If you really want to know about register values, rather than __m128i C variable values, I'd suggest using a debugger like GDB. print /x $xmm0.v2_int64 when stopped at a breakpoint.
Capturing a register at the top of a function is a pretty flaky and unreliable thing to try to attempt (smells like you've already gone down the wrong design path)1. But you're on the right track with a register-asm local var. However, xmm0 can't match an "=r" constraint, only "=x". See Reading a register value into a C variable for more about using an empty asm template to tell the compiler you want a C variable to be what was in a register.
You do need the asm volatile("" : "=x"(var)); statement, though; GNU C register-asm local vars have no guarantees whatsoever except when used as operands to asm statements. (GCC will often keep your var in that register anyway, but IIRC clang won't.)
There's not a lot of guarantee about where this will be ordered wrt. other code (asm volatile may help some, or for stronger ordering also use a "memory" clobber). Also no guarantee that GCC won't use the register for something else first. (Especially a call-clobbered register like any xmm reg.) But it does at least happen to work in the version I tested.
print a __m128i variable shows how to print a __m128i as two 64-bit halves once you have it, or as other element sizes. The compiler will often optimize _mm_store_si128 / reload into shuffles, and this is for printing anyway so keep it simple.
Using a unsigned __int128 tmp; would also be an option in GNU C on x86-64.
#include <immintrin.h>
#include <stdint.h>
#include <stdio.h>
#ifndef __cplusplus
#include <stdalign.h>
#endif
// If you need this, you're probably doing something wrong.

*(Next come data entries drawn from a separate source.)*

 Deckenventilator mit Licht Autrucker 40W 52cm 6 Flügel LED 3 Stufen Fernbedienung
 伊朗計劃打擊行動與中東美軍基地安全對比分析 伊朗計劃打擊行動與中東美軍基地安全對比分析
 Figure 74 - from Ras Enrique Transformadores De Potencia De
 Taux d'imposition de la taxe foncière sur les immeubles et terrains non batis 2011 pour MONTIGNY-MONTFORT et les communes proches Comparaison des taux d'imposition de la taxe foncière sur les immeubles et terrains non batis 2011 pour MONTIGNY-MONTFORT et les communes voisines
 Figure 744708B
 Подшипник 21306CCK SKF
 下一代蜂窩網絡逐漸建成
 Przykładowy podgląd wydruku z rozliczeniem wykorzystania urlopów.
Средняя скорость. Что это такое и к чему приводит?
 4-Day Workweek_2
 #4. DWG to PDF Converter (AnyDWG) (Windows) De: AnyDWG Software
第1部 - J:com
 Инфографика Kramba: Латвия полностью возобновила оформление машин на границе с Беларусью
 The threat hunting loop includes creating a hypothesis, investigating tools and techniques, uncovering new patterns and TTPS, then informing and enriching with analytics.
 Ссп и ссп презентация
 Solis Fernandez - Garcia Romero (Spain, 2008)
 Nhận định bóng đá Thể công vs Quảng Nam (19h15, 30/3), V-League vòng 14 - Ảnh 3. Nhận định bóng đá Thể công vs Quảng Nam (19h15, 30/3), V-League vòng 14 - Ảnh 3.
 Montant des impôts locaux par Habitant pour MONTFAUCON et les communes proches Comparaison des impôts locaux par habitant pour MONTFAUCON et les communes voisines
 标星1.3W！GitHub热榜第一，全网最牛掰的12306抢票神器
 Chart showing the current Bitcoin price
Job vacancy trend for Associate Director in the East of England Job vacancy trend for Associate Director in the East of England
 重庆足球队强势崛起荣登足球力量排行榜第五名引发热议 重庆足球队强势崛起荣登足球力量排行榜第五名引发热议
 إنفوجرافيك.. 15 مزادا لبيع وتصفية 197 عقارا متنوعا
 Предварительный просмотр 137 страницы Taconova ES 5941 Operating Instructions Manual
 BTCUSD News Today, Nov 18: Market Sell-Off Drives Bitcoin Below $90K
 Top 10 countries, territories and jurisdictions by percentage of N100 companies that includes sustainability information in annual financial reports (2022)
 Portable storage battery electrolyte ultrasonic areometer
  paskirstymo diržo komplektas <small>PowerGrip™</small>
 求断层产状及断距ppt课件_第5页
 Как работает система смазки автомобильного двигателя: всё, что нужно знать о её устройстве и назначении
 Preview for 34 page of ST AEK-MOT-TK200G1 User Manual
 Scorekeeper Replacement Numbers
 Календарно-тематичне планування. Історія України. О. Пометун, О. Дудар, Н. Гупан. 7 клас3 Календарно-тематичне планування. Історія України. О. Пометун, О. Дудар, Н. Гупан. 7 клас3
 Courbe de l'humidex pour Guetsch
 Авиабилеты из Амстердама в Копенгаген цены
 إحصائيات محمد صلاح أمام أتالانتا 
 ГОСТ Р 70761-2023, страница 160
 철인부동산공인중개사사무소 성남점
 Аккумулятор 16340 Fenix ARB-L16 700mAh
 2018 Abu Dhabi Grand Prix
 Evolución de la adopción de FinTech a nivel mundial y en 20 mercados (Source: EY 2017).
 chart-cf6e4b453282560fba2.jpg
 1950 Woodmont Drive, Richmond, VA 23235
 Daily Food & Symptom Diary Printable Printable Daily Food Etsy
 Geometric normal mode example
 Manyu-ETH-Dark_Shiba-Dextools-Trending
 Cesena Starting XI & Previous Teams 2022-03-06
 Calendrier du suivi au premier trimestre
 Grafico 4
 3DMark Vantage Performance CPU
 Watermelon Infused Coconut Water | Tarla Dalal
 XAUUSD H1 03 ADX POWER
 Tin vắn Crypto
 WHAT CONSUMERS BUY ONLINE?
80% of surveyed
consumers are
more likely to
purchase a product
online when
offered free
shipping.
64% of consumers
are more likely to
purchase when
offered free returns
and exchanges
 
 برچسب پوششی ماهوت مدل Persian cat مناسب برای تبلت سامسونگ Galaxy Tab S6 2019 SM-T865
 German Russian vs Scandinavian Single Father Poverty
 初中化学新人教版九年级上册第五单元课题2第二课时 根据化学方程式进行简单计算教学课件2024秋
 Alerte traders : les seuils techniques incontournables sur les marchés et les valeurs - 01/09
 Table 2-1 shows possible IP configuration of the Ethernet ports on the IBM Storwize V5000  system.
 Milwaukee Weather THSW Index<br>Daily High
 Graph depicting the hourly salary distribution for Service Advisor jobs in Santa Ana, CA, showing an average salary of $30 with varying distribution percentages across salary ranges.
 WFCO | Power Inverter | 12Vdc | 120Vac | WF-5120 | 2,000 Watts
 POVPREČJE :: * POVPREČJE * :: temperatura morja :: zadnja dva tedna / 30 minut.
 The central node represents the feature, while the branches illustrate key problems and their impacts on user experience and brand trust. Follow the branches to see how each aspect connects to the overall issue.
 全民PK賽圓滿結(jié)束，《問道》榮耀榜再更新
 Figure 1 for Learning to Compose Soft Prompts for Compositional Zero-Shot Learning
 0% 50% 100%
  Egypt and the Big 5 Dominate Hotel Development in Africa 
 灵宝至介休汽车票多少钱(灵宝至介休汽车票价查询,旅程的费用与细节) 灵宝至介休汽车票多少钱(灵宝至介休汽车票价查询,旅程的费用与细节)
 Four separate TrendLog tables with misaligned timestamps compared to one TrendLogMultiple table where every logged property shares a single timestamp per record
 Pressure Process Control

// There's no guarantee about what a compiler will have in XMM0 at any point
void foo() {
register __m128i xmm0 __asm__("xmm0");
__asm__ volatile ("" :"=x"(xmm0));
alignas(16) uint64_t buf[2];
_mm_store_si128((__m128i*)buf, xmm0);
printf("%llu %llu\n", buf[1], buf[0]); // I'd normally use hex, like %#llx
}
This prints the high half first (most significant), so reading left to right across both elements we get each byte in descending order of memory address within buf.
It compiles to the asm we want with both GCC and clang (Godbolt), not stepping on xmm0 before reading it.
# GCC10.2 -O3
foo:
movhlps xmm1, xmm0
movq rdx, xmm0 # low half -> RDX
mov edi, OFFSET FLAT:.LC0
xor eax, eax
movq rsi, xmm1 # high half -> RSI
jmp printf
Footnote 1:
If you make sure your function doesn't inline, you could take advantage of the calling convention to get the incoming values of xmm0..7 (for x86-64 System V), or xmm0..3 if you have no integer args (Windows x64).
__attribute__((noinline))
void foo(__m128i xmm0, __m128i xmm1, __m128i xmm2, etc.) {
// do whatever you want with the xmm0..7 args
}
If you want to provide a different prototype for the function for callers to use (which omits the __m128i args), that can maybe work. It's of course Undefined Behaviour in ISO C, but if you truly stop inlining, the effects depend on the calling convention. As long as you make sure it's noinline so link-time optimization doesn't do cross-file inlining.
Of course, the mere fact of inserting a function call will change register allocation in the caller, so this only helps for a function you were going to call anyway.